Definitely sounds like a GREAT time and I am a bit jealous that I did not participate!

Do you think that part of the reason for such a positive experience was the size and goals of the group? Could a "camp" environment work with larger conferences that cover a wide range of topics (just breaking them into smaller groups)?

Unknown said...

I so wish I could have gone. Sounds like a great experience. I agree conferences would benefit from more interactivity. I don't know how many times I've just rushed from one session to the next and then collapsed in my empty hotel room at the end of the day. Conferences should make you feel energized and excited about your field. Sounds like C2 really accomplished that.

Nina Simon said...

The size definitely was important... in C2's case, 100, and in the case of FooCamp, about 150. However, I think with a bit of coordination you could do this with a very large group (as do real summer camps). It would require functionally splitting people into smaller camps by affinity or interests, coming back together for occasional whole-group events (think color wars).

Reflecting now, the level of engagement was more important than the number of people. EVERYONE was game for all the activities. No one opted out. The sense of 100% participation is what bonded us as much as the intimacy of the group. My impression is that this is why people who go to Burning Man have such a powerful experience--it requires 100% participation from 50,000 people.

Rebecca said...

Not once did I iron, although there was one in my room. Although I packed a stylish blazer, I wore my favorite hoody each day of the retreat (and it still smells of delicious wood smoke). Although I received business calls on two occasions, I did not use my cell to check e-mail. Why?

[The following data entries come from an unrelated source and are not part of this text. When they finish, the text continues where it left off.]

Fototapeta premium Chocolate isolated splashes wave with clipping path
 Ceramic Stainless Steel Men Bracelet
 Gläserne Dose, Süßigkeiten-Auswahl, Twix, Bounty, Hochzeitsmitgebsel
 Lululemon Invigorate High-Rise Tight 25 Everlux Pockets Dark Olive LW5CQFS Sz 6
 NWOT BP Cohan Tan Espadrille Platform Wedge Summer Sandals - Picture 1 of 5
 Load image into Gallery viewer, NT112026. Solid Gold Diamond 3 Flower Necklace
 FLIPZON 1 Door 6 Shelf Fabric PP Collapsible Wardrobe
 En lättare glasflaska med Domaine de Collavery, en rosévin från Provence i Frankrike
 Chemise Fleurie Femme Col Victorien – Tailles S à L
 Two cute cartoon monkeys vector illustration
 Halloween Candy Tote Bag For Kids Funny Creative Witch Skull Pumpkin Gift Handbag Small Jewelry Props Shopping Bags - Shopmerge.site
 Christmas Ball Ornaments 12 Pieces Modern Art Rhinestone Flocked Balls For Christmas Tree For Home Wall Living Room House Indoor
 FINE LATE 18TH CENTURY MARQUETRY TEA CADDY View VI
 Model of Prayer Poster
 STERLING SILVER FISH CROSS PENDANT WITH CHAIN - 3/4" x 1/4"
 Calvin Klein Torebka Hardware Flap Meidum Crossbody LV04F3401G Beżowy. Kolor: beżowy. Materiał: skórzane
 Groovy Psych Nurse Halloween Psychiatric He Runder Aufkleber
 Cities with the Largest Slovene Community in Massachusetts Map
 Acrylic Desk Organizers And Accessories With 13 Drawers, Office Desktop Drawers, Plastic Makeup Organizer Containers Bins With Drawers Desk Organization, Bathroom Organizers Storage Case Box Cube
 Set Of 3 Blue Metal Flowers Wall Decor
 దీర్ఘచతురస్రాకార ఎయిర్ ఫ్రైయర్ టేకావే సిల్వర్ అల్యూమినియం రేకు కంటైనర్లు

I was SO engaged with camp!

Today I play catch-up, but I am INSPIRED! The atmosphere at Asilomar was so open that insight not only breached, it prevailed.

Having the burning on our first full day set our aperture way open. I think that at future retreats, a similar secular "ritual" could benefit the group. However, I recognize how difficult something like this is to pull off! In a different environment we could have been WAY more cynical. When everyone went with it, I admit I was at first surprised. Later I was very proud of the whole group.

Kristen said...

Hey there - Thanks for being such an enthusiastic and inclusionary force at the retreat. I'll post more feedback over at the C2 reflections page, but just wanted to voice my thanks here first.

POW! (Paul Orselli Workshop, Inc.) said...

Hi Nina,

1)Smaller IS better (for all aspects of museums, IMHO.) The best conferences I've been involved with recently have been of the small/local/regional variety.

2)I offer a simple, economical, "green" fix for the stultifying nature of the BIG museum conferences --- do not offer computer projectors.

Andy Lloyd said...

Nina (and others)
In the UK we are lucky enough to have the annunal BIG Event (from the British Interactive Group) which has a lot in common with this. We used to have more of a "summer camp" experience when we were at a rural science centre, but we're all getting excited about holding our Best Demo competition in Faraday's lecture theatre at the Royal Institution this year. Check out, and we'll be tweeting en masse in July!